Text Classification 3 Ways – Logistic Regression, Random Forests, and XGBoost
I've been planning to write this post for a while, but I've debated about a few things. First, many posts about text classification or sentiment analysis use simple binary classifiers and do something like classifying tweets or Yelp reviews as positive or negative. What about classifying into multiple classes? There are some examples out there, but not many. Second, the posts typically use nice, neat datasets that don't require much data/file manipulation. This is not how life is when working with actual production data. Third, I was not sure if I wanted to experiment on finding optimal hyperparameters for each classification algorithm on my dataset or just give examples of how to perform the overall process. I chose the later. If you want a fun project, take these Jupyter Notebooks and the dataset and do grid search or other methods for hyperparameter optimization. Maybe I'll do that in another post.
In this post, I'll discuss how I performed text classification on Pubmed abstracts using logistic regression, random forests, and XGBoost.

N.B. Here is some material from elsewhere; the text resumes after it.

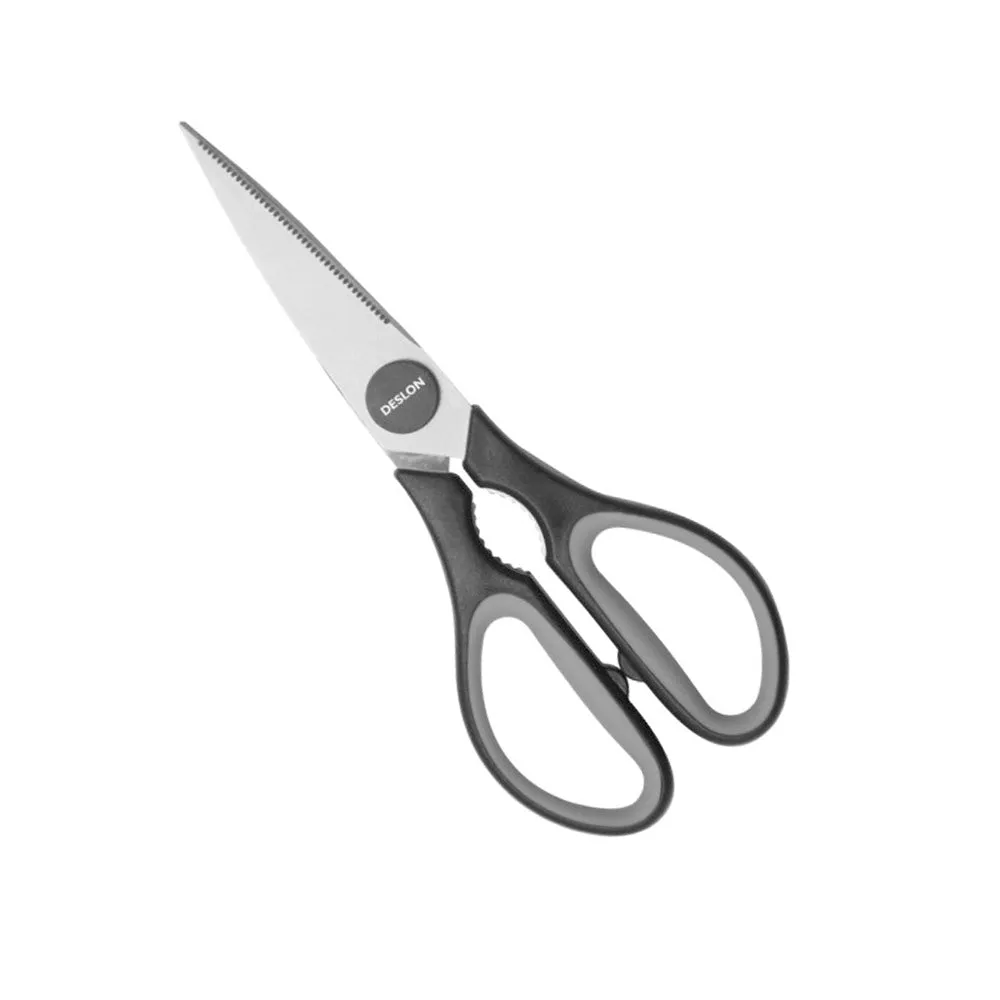 Deslon Kitchen scissors stainless steel scissor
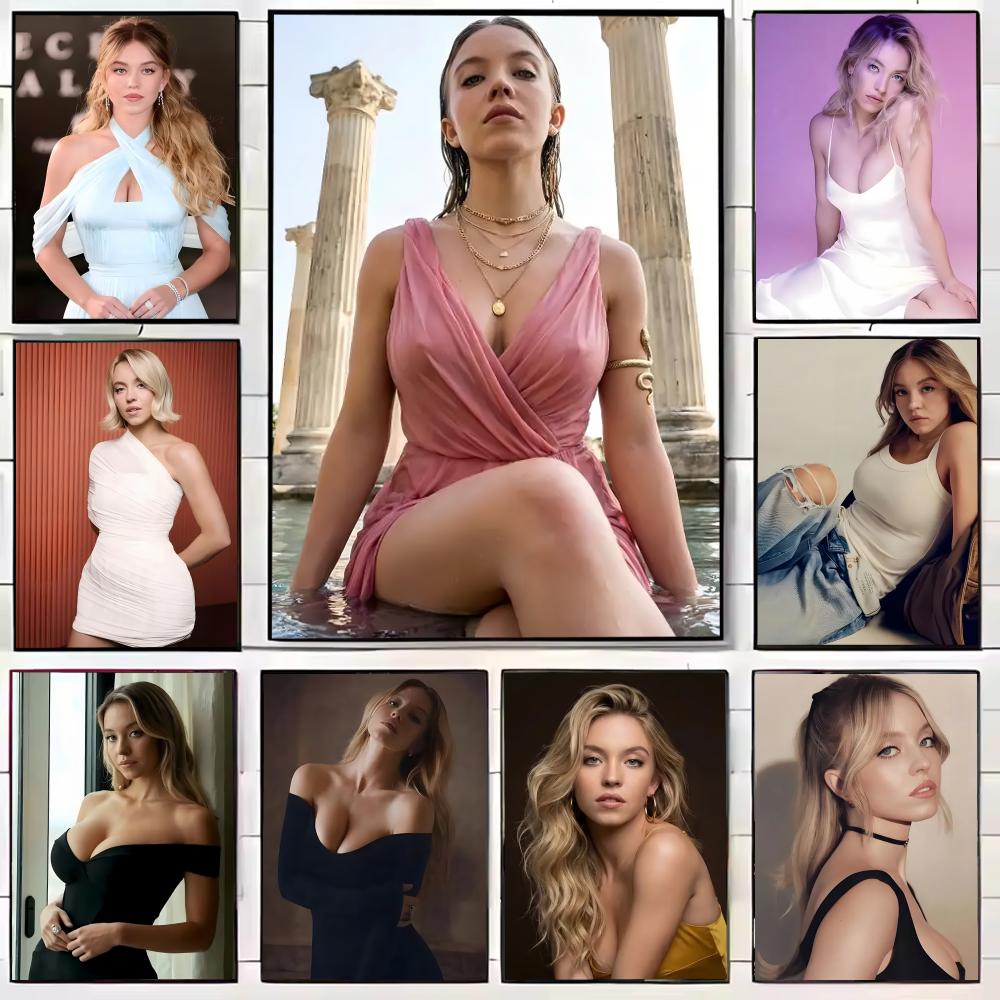 s-Sydney Sweeney Trendy_Actor  – Home Bar Sydney Bewertung und Preis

In each case, I stuck with pretty much default hyperparameters, so the accuracy for each is good, but could definitely be improved.

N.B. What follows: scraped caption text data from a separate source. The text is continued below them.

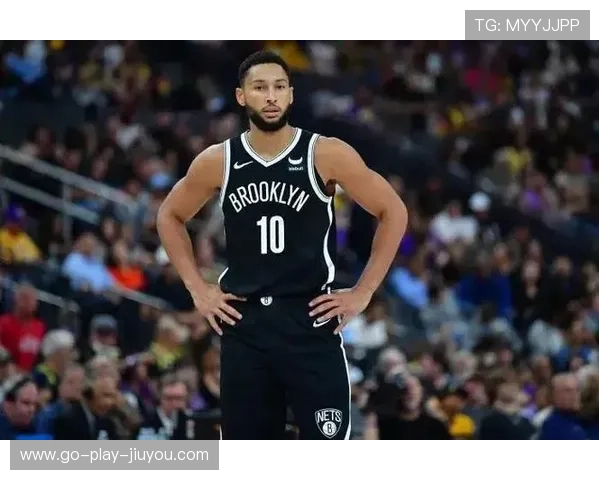 未来之星:年轻球员季后赛崭露头角!,nba未来之星 未来之星:年轻球员季后赛崭露头角!,nba未来之星
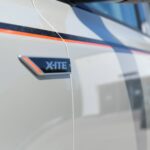 Suzuki VITARA 1.4 COMFORT+ X-ITE AUTOMATIK – Fahrzeugbild 19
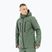 Kurtka snowboardowa męska Protest PRTTimothy aspen green
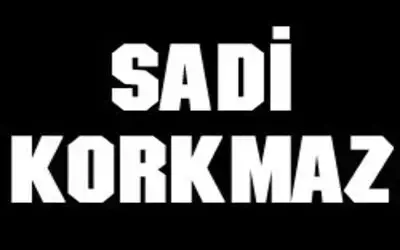 Sadi Korkmaz Vefat Etti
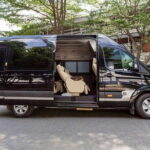Can Tho To Ho Chi Minh Private Car Transfer - Practical Tips for Booking and Travel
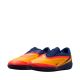 8. Buty piłkarskie Nike Phantom 6 Low Academy IC EH IB3093 800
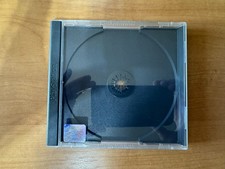 Original Game Cases & Boxes for sale Original Game Cases & Boxes for sale  BATLEY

You may not be familiar with Pubmed. "PubMed® comprises more than 30 million citations for biomedical literature from MEDLINE, life science journals, and online books. Citations may include links to full-text content from PubMed Central and publisher web sites." It is a huge dataset! I decided to use abstracts from these documents as my dataset. I chose 5 categories of articles and downloaded 2,000 abstracts for each. The categories were:
1-Dental caries. These are cavities in teeth.
2-Dental pulp. The inner part of the tooth.
3-Endodontic treatment. Root canals are included in this.
4-Periodontal disease. Disease of the gums.
5-Transposable elements. Repeated sequences of DNA in chromosomes. I studied these for my PhD dissertation (it's a fascinating read) so they are near and dear to me.
I chose these categories for 2 reasons. First, they were similar (at least the first 4) and I wanted to see how well the classifiers would work on similar categories with many overlapping terms. Second, transposable elements was a complete outgroup, so it should be able to classify them easily.
The process I used for classification is very straightforward. You can check out the Jupyter Notebooks to see the actual code.
1-Download the abstracts from Pubmed. They were in what is called "Pubmed" format and had to be parsed. It wasn't a nice clean dataset.
2- Read the parsed datasets and show some basic summary stats.
3-Preprocess each abstract - remove section headings and other unneeded characters, lowercase, tokenize, lemmatize, and stem all text. Describing all of this is beyond this post, but there are many good resources to describe them.
4-Create TF-IDF word vectors. Other options could be used, but I chose to use this one because it is straightforward.
5-Split train/test data.
6-Create the classifier and train the model.
7-For random forest and XGBoost, find the most important features in the model and display them.
8-Print the metrics - accuracy, classification report, and confusion matrix.
9-Classify previously unseen abstracts using the newly created model.
The notebooks, along with the data files, are found on my Github. Each notebook is the same for steps 1-5, but differs in the actual classifier created and trained. Even with default hyperparameters, the results were not bad and were consistent across all classifiers. Below is a comparison of feature importance as determined by random forest and XGBoost. There are some similarities and some differences. Again, this would change, and most likely be even more similar, with hyperparameter optimization.
Here are the accuracy values on the test data:
- Random forest - 96.048%
- Logistic regression - 96.698%
- XGBoost - 95.398%
Classification of the unseen abstracts was good as well. For a simple quick and dirty analysis, this is the way to go. Test each out, then experiment with the hyperparameters. Training time for each classifier is different, with XGBoost taking by far the longest. Take this into consideration. If you have a nice server to run it on, that will definitely help! I hope you will take a few minutes and check out the Notebooks.